Would I shite fuck with a spartan, I mean, imagine u're out having a bevy and u pull some spartans bird.. You are in so much shit la.. These fuckers wouldn't even be phased by chuck norris.. Mind you, on second thoughts, they weren't THAT hard..
We all know Spartans are hard, you want proof, ok they used bathe new borns in wine and leave them outside till they were 'inspected' if found to be weak or deformed they were cast into the 'Apothetae' (read big fucking chasm). There entire life envolved around war and fighting so no 'weaklings' were allowed. No honour was greater than death in battle, more proof? Look up the definition of 'spartan', indeed. And finally I only need to say "John-117", yes him, hes a 'Spartan' says it all really..

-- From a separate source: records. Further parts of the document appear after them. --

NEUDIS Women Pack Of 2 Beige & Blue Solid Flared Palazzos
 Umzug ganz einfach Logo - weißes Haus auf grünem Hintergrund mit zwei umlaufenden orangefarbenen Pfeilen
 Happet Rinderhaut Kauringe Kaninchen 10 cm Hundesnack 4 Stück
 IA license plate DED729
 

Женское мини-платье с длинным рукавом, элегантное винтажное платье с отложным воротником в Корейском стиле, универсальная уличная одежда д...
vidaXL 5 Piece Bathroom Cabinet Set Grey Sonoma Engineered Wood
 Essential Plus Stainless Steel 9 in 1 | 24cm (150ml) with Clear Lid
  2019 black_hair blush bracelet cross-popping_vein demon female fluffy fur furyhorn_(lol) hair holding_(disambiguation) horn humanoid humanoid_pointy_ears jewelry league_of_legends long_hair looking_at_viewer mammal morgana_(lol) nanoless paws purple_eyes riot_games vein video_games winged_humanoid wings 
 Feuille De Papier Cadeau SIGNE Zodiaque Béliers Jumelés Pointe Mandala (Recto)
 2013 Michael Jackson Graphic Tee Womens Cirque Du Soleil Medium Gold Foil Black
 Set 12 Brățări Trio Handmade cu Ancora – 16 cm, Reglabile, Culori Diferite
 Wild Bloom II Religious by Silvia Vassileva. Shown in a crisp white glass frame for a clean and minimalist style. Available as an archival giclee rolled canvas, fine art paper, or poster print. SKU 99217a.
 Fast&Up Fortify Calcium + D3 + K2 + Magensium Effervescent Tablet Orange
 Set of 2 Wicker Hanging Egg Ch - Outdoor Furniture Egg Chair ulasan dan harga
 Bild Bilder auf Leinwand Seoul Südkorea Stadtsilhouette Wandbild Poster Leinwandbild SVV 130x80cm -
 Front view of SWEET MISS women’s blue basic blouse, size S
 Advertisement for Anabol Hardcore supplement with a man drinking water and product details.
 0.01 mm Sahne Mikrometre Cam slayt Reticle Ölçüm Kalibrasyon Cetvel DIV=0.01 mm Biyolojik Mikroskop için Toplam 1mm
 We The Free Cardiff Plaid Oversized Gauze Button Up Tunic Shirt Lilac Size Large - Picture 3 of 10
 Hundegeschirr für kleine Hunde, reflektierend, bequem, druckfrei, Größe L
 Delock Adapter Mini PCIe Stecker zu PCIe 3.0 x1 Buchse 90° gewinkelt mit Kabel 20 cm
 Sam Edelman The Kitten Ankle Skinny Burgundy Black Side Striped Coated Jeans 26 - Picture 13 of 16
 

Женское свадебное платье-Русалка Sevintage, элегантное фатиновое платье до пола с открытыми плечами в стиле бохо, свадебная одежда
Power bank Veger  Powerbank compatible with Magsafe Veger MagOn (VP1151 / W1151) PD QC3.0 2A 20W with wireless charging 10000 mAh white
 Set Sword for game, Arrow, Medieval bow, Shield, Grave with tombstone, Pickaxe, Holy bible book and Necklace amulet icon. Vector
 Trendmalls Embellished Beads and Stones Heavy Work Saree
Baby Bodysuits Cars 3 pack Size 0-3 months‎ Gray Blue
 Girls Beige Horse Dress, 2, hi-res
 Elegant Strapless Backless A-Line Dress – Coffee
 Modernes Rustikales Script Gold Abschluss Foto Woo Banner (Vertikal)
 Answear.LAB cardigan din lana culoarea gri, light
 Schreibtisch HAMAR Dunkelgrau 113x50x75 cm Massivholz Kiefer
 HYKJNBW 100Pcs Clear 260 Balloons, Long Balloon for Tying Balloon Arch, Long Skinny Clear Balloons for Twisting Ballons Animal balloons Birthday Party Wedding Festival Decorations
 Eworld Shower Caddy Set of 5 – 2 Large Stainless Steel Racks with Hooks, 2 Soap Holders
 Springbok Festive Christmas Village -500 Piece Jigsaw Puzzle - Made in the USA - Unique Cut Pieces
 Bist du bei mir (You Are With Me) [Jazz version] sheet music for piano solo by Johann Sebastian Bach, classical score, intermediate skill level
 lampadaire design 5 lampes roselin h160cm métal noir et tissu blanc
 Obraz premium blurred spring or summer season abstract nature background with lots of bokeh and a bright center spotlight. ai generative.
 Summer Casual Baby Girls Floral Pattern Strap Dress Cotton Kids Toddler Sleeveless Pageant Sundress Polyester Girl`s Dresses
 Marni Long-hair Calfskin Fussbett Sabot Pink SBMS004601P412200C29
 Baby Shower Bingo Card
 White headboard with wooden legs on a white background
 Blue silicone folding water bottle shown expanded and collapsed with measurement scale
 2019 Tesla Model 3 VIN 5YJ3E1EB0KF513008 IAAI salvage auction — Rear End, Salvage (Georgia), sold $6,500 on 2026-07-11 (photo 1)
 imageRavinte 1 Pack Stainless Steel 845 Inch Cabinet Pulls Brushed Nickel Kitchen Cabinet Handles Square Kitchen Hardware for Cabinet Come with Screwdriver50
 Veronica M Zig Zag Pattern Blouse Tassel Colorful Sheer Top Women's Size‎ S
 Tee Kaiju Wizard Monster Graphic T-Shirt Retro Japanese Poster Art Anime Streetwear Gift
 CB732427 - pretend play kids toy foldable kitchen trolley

"The world will know that free men stood against a tyrant, that few stood against many, and before this battle was over, even a god-king can bleed."
Belter movie, directed by snyder, pretty much page for page identical as well. So well brough to screen with similar "unknown actors" policy used with watchmen. Worked a treat. Few issues but overall great movie. Full on rock solid spartans and that persian king looked a beast.
This is a film about a bunch of Spartan warriors, I'm not sure exactly how many but there's only a few, who take on the might of the Greek army. They still get pwned like, but it's the way they do it that makes it so entertaining.